ThinksMarkedly wrote:Jonathan_S wrote:Spider drives do have a medium to work against to potentially redirect their heading without losing momentum! Their spider drive nodes are essentially overpowered tractor beams and literally punch through to grab against the Alpha wall itself and pull the ship forward.
In theory, if the mounts and beams can take the strain, a spider drive should be able to grab a spot off to one side and use that as a skyhook style pivot to redirect its existing momentum onto a new heading!
I don't think that's at all how it works.
So far we haven't heard anything about the spider drive's acceleration being related to the ship's speed in real space. That means the medium the drive is pushing or pulling against is, like light, at a constant speed relative to the ship. Speeding up to 0.8c doesn't make light travel at only 60000 km/s to you, it's still at the speed of light. So the alpha wall is probably too.
What's more, unlike a jet, the spider drive has only one way to interact with the medium and that's the spider itself. A jet accelerates with the turbofans (and afterburners and whatever) using good, old Newton's Third Law, but changes direction using its surfaces.
Finally, even if it had a way of dumping all its velocity and turning, it would be limited by how much the grav plates can compensate. A fighter pilot feels a lot of G forces always during turns because their velocity vector is changing direction, but not very much magnitude.

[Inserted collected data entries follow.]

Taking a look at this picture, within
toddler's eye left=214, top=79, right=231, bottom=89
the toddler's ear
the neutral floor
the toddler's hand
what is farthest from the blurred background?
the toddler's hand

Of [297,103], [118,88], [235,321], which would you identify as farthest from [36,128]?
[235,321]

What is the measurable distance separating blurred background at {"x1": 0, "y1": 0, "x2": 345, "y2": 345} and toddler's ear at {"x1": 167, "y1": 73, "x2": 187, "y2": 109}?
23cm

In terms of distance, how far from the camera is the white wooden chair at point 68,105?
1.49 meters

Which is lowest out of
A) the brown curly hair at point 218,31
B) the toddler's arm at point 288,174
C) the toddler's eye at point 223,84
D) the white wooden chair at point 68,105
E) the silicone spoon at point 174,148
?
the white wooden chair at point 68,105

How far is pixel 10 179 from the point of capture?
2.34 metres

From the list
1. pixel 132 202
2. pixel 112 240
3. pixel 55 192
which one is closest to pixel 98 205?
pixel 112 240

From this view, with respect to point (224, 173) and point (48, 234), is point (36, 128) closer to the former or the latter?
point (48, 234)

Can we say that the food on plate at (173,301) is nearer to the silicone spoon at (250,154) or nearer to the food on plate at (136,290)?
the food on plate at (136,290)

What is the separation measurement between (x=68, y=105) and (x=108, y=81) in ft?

In other words, the spider drive is not very different from a wedge: it allows for violating Newton's Third Law and Conservation of Momentum (and whether energy is conserved is anyone's guess), but not Newton's First and Second.
OTOH we know that the spider drive ships have their trilateral summitry because they need drive nodes pointing off in at least 3 different directions in order to pull themselves forward. My assumption is that they need three points of contact to avoid the spider beams pulling them off to the side.
So the turn would just be to not use the nodes on the other two spines to counteract the off balance force of one spine's worth of emitters.
Now it can't reverse course instantly, and the exact speed at a reasonable acceleration depends on the length of the spider tractor. Let's assume that the crew doesn't want to experience 1+ g towards the walls so we need to hold the lateral acceleration down to something the grav plates can completely handle; say 50 gees.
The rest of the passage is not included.